The web2.0 era has put the web application frameworks at the center of the free software (aka FLOSS) community attention. Various opinions (1,2) and performance (1,2) comparisons have been published by free software enthusiasts trying to rank the quality and the potential of different web frameworks.
In this post we use standard data mining and statistical techniques applied to source code repositories to evaluate the strength, commitment and creativity of the community behind popular web framework projects. The metrics we will be using will be all the information found in source control revision software used by those projects.
We choose to study 3 web frameworks: Django, Ruby on Rails and Seam. This choice is by nature arbitrary but we think the projects are diverse enough for the study to capture the free software movement behind web frameworks. Feel free to comment on this choice if you like, we might consider extending the study to other frameworks ;-).
#SLOC(1) : 56K Python / 60K Total
starting date(2) : 13 Jul 2005
Ruby on Rails (RoR)
#SLOC: 100K Ruby / 116K Total
starting date: 24 Nov 2004
#SLOC: 118K Java / 313K Total
starting date: 12 Aug 2005
(2): public source repository launch date
Source code evolution overview
To grasp a first overview of the projects, we plot the #SLOC considering the total number of SLOC (including configuration, html, js files etc.) and the core #SLOC: Java, Ruby and Python for Django, RoR and Seam respectively.
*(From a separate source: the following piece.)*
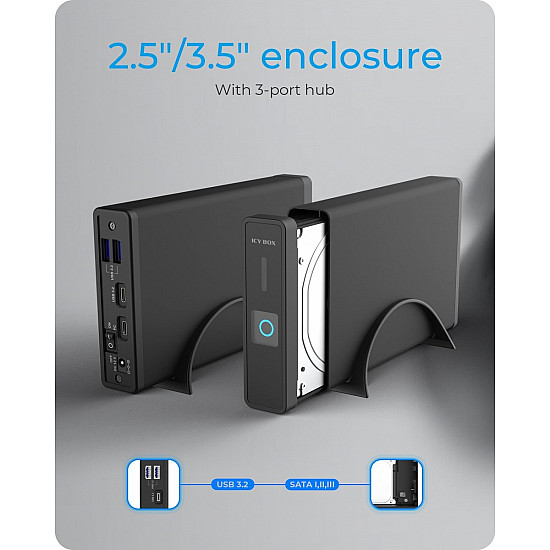 Obudowa IB-382H-C31 2,5/3,5 HDD z wbudowanym HUB 1xUSB-C, 2xUSB -A, 12V2A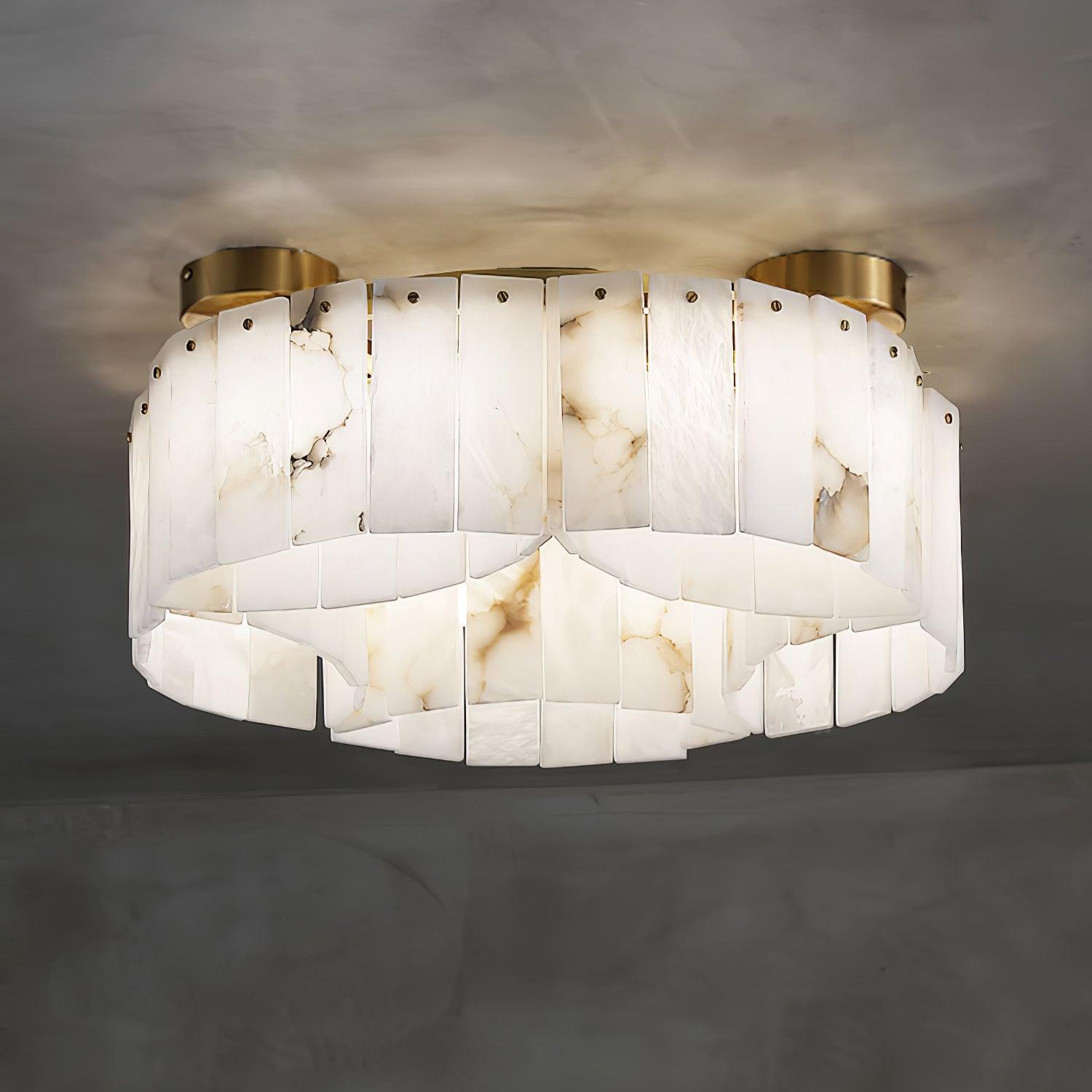 Luxe Alabaster Brass Ceiling Lamp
- the projects are of similar magnitude in terms of amount of source code
- Django and Ruby on Rails are very similar (although RoR started 8 months before Django) in terms of code structure (main language code/rest of the code ratio)
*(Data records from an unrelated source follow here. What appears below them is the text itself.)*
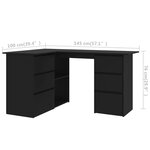 vidaXL Bureau d'angle Noir 145x100x76 cm Bois d'ingénierie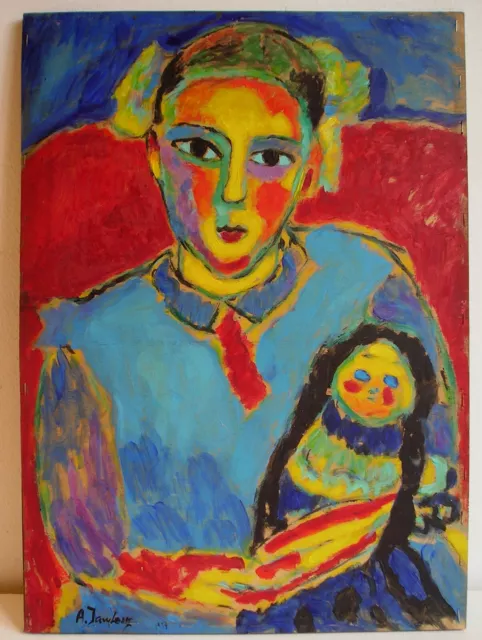 Vecchio Quadro Ragazza e Bambola olio legno Avangurdia russa Russian avantgarde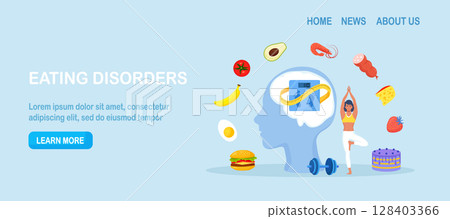 Eating disorders as psychological illness. Excessive weight control, food limitation. Woman worrying about her appearance, doing exercise. Addiction to slimming, dieting and mental guilty feeling 128403366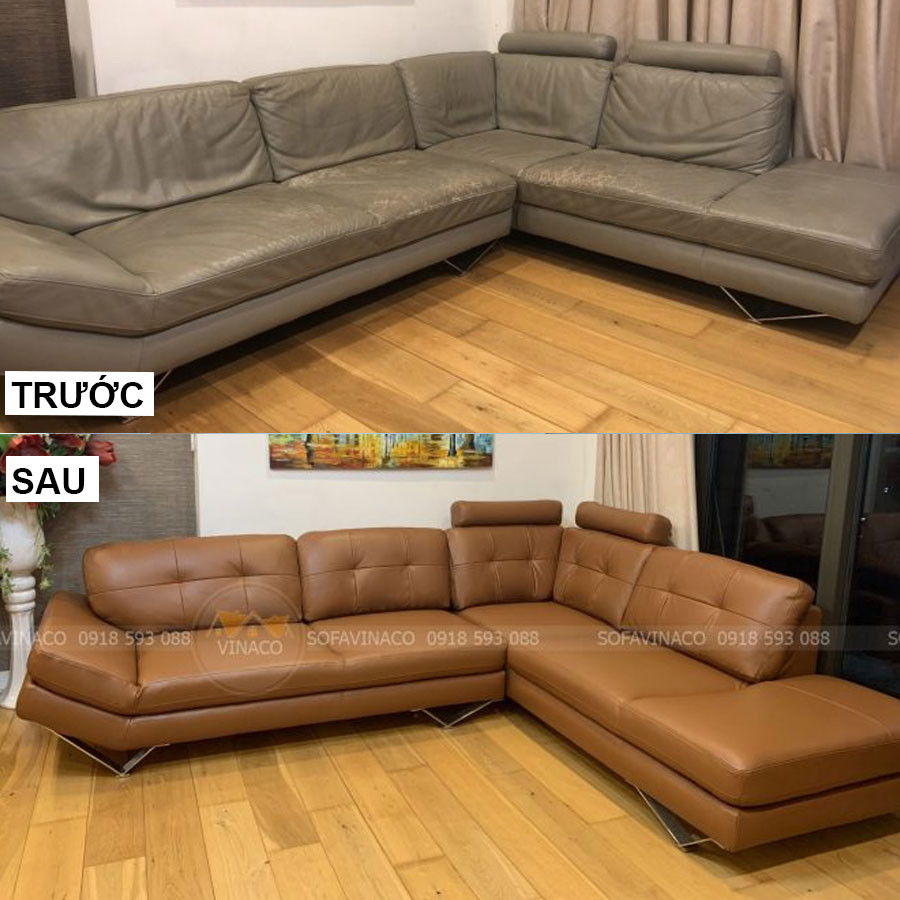Sofa da thật bị nhão vỏ cần bọc da ghế ngồi để khôi phục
- Seam is quite different from the others. more than half of the code is composed of xml configuration files and not of Java source code. Unlike Django and RoR, Seam leverages the power of the many external Java/JBoss libraries to provide the different functions a Web framework should: security management, workflow engine etc.
For each of the projects, we plot the density of the number of lines in each commit, presented in a cumulative way by author (each author is represented by a different color). The goal here is to have an idea of the number of the commiters behind the project.
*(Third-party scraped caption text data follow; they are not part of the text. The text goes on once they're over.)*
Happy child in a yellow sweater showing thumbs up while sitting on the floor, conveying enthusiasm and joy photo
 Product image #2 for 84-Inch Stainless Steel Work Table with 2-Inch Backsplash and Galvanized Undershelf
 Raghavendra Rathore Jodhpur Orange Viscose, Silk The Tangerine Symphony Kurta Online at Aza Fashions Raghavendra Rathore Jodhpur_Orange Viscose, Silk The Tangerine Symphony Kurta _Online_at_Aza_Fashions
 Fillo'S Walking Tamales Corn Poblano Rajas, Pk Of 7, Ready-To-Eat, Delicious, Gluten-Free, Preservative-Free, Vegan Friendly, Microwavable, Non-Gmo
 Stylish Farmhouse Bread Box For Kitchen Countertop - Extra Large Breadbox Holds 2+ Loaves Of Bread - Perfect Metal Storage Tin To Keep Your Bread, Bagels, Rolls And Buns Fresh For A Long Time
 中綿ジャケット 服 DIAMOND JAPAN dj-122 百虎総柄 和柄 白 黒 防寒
What we see clearly here is that all three projects, despite their different nature, present the same characteristics: the vast majority of the code is produced or at least checked in by a few “gatekeepers”, the project creators plus one or two other persons.
Maybe we can note that Django seems the least diverse in terms of the number of important commiters; maybe a weakness that might be overcomed by the recent Google app engine announcement and the endorsement of Django that will definitely attract much attention to this framework.
Code base stability
Here we plot the density of the number of files impacted by individual commits (using the Kernel density estimation method).
Site Map The goal of every code project is to split logically the code into components as disconnected from each other as possible. Usually, this has a direct translation into the various files of the project. Hence we estimate the impact of each changeset (a changeset is supposed to be a logical modification limited to one feature or bug fix etc.) by plotting the number of files modified by commits. Arguably this is a measure of how well the code is structured: vast commits impacting many files are a bad sign in terms of code structure efficiency (of course, branches merging into trunk will always affect plenty of files but this should only happen now and then). To avoid initialization artifacts, we start the plot a few weeks after each project start.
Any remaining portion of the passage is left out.